Problem to work on –
Repeat each entry verbatim.

Data supplied –
● ● ● ● ●

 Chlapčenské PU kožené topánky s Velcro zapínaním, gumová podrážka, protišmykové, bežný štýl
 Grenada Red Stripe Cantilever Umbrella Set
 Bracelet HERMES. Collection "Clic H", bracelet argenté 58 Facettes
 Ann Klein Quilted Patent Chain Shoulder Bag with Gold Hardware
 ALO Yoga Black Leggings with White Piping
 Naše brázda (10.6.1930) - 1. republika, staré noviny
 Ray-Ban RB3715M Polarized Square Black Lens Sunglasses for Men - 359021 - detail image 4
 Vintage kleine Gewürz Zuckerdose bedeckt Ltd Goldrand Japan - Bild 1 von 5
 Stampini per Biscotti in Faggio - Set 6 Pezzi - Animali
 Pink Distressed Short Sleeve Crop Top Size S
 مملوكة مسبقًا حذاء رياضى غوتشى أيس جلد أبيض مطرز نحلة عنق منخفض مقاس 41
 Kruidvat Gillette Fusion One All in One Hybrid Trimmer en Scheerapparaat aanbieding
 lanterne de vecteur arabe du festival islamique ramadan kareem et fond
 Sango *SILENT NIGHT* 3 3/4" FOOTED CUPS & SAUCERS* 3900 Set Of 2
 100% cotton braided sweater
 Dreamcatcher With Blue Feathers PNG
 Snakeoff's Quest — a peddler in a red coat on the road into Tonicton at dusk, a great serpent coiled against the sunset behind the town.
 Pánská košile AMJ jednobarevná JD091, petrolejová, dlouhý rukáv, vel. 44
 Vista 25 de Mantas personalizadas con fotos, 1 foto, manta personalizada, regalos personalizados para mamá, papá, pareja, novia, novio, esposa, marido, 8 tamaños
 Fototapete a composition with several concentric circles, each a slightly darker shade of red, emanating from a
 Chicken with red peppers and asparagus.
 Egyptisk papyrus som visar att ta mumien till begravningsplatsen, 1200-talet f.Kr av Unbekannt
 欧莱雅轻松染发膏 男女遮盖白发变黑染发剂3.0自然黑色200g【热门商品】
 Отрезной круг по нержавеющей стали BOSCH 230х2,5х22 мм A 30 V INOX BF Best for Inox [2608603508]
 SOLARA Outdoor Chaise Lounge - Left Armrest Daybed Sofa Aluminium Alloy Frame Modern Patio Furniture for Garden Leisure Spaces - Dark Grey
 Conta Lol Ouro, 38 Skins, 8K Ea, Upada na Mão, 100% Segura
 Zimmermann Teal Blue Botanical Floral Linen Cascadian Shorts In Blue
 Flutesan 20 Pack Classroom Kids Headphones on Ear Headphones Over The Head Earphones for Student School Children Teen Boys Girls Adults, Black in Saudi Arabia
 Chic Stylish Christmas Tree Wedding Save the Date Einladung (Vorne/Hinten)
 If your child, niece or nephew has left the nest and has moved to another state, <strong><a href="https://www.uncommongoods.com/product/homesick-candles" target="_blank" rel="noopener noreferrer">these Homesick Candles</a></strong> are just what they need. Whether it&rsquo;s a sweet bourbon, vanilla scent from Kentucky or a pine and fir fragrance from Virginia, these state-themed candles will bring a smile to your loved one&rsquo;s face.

● ● ● ● ●

Result of this exercise –
 Chlapčenské PU kožené topánky s Velcro zapínaním, gumová podrážka, protišmykové, bežný štýl
 Grenada Red Stripe Cantilever Umbrella Set
 Bracelet HERMES. Collection "Clic H", bracelet argenté 58 Facettes
 Ann Klein Quilted Patent Chain Shoulder Bag with Gold Hardware
 ALO Yoga Black Leggings with White Piping
 Naše brázda (10.6.1930) - 1. republika, staré noviny
 Ray-Ban RB3715M Polarized Square Black Lens Sunglasses for Men - 359021 - detail image 4
 Vintage kleine Gewürz Zuckerdose bedeckt Ltd Goldrand Japan - Bild 1 von 5
 Stampini per Biscotti in Faggio - Set 6 Pezzi - Animali
 Pink Distressed Short Sleeve Crop Top Size S
 مملوكة مسبقًا حذاء رياضى غوتشى أيس جلد أبيض مطرز نحلة عنق منخفض مقاس 41
 Kruidvat Gillette Fusion One All in One Hybrid Trimmer en Scheerapparaat aanbieding
 lanterne de vecteur arabe du festival islamique ramadan kareem et fond
 Sango *SILENT NIGHT* 3 3/4" FOOTED CUPS & SAUCERS* 3900 Set Of 2
 100% cotton braided sweater
 Dreamcatcher With Blue Feathers PNG
 Snakeoff's Quest — a peddler in a red coat on the road into Tonicton at dusk, a great serpent coiled against the sunset behind the town.
 Pánská košile AMJ jednobarevná JD091, petrolejová, dlouhý rukáv, vel. 44
 Vista 25 de Mantas personalizadas con fotos, 1 foto, manta personalizada, regalos personalizados para mamá, papá, pareja, novia, novio, esposa, marido, 8 tamaños
 Fototapete a composition with several concentric circles, each a slightly darker shade of red, emanating from a
 Chicken with red peppers and asparagus.
 Egyptisk papyrus som visar att ta mumien till begravningsplatsen, 1200-talet f.Kr av Unbekannt
 欧莱雅轻松染发膏 男女遮盖白发变黑染发剂3.0自然黑色200g【热门商品】
 Отрезной круг по нержавеющей стали BOSCH 230х2,5х22 мм A 30 V INOX BF Best for Inox [2608603508]
 SOLARA Outdoor Chaise Lounge - Left Armrest Daybed Sofa Aluminium Alloy Frame Modern Patio Furniture for Garden Leisure Spaces - Dark Grey
 Conta Lol Ouro, 38 Skins, 8K Ea, Upada na Mão, 100% Segura
 Zimmermann Teal Blue Botanical Floral Linen Cascadian Shorts In Blue
 Flutesan 20 Pack Classroom Kids Headphones on Ear Headphones Over The Head Earphones for Student School Children Teen Boys Girls Adults, Black in Saudi Arabia
 Chic Stylish Christmas Tree Wedding Save the Date Einladung (Vorne/Hinten)
 If your child, niece or nephew has left the nest and has moved to another state, <strong><a href="https://www.uncommongoods.com/product/homesick-candles" target="_blank" rel="noopener noreferrer">these Homesick Candles</a></strong> are just what they need. Whether it&rsquo;s a sweet bourbon, vanilla scent from Kentucky or a pine and fir fragrance from Virginia, these state-themed candles will bring a smile to your loved one&rsquo;s face.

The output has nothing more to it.